Apply clustering techniques

Completed

Clustering allows you to identify a segment (cluster) of data that is similar to each other but dissimilar to the rest of the data. The process of clustering is different to that of grouping, which you accomplished previously.

The Power BI clustering feature allows you to quickly find groups of similar data points in a subset of your data. It analyzes your semantic model to identify similarities and dissimilarities in the attribute values, and then it separates the data that has similarities into a subset of the data. These subsets of data are referred to as clusters.

For example, you might want to look for patterns in your sales data, such as the behavior of customers overall. You can segment the customers into clusters according to their similarities, such as age or location.

Start by adding the scatter chart visualization to your report and then add the required fields to the visual. In this example, you will add the Order Qty field to the x-axis, the Sales field to the y-axis and Unit Price to the Values field. The following image shows considerable data in the scatter chart, so it is difficult to discern any natural groups.

Screenshot of the Scatter chart with Product names.

To apply clustering to your scatter chart, select More options (...) in the upper-right corner of the visual and then select Automatically find clusters.

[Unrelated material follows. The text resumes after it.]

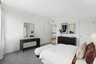 large bed with dresser and paintings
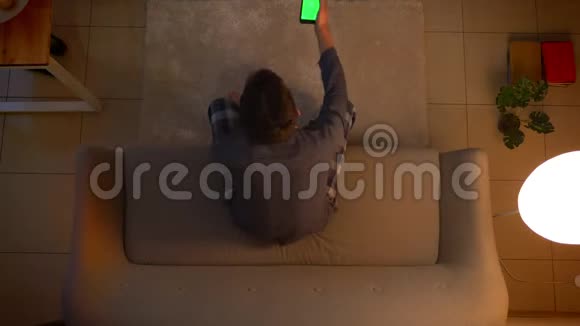 特写镜头拍摄年轻男性看电视和使用手机应用程序与绿色屏幕作为遥控器坐着视频的预览图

On the Clusters window that displays, you can edit the default name, field, and description, if required. However, for this example, you want to change the number of clusters. The following image shows that the Number of clusters box is blank by default, which means that Power BI automatically finds the number of clusters that it determines as making the most sense with your data.

Screenshot of the default settings in the Clusters window.

Enter the number of clusters that you want (3) into the box and then select OK. Power BI will run the clustering algorithm and create a new categorical field with the different cluster groups in it. Now, when you look at the visual, you can clearly see the clusters that are in your data and proceed to perform analysis on them.

Screenshot of clustering applied to the scatter chart.

The new cluster field is added to your scatter chart's Legend field well bucket, which you can now use as a source of cross-highlighting like any other Legend field. You can also find the new cluster field in your field list and use it in new visuals, just like any other field.

If you want to edit the cluster, right-click the cluster field and select Edit clusters.

Screenshot of the clusters edit view for Product Name (Clusters).

In the preceding example, when you applied clustering to the scatter chart, you could only use two measures. If you want to find clusters by using more than two measures, you can use a table visual instead, add all the fields you want to use, and then run the clustering algorithm by using the same process.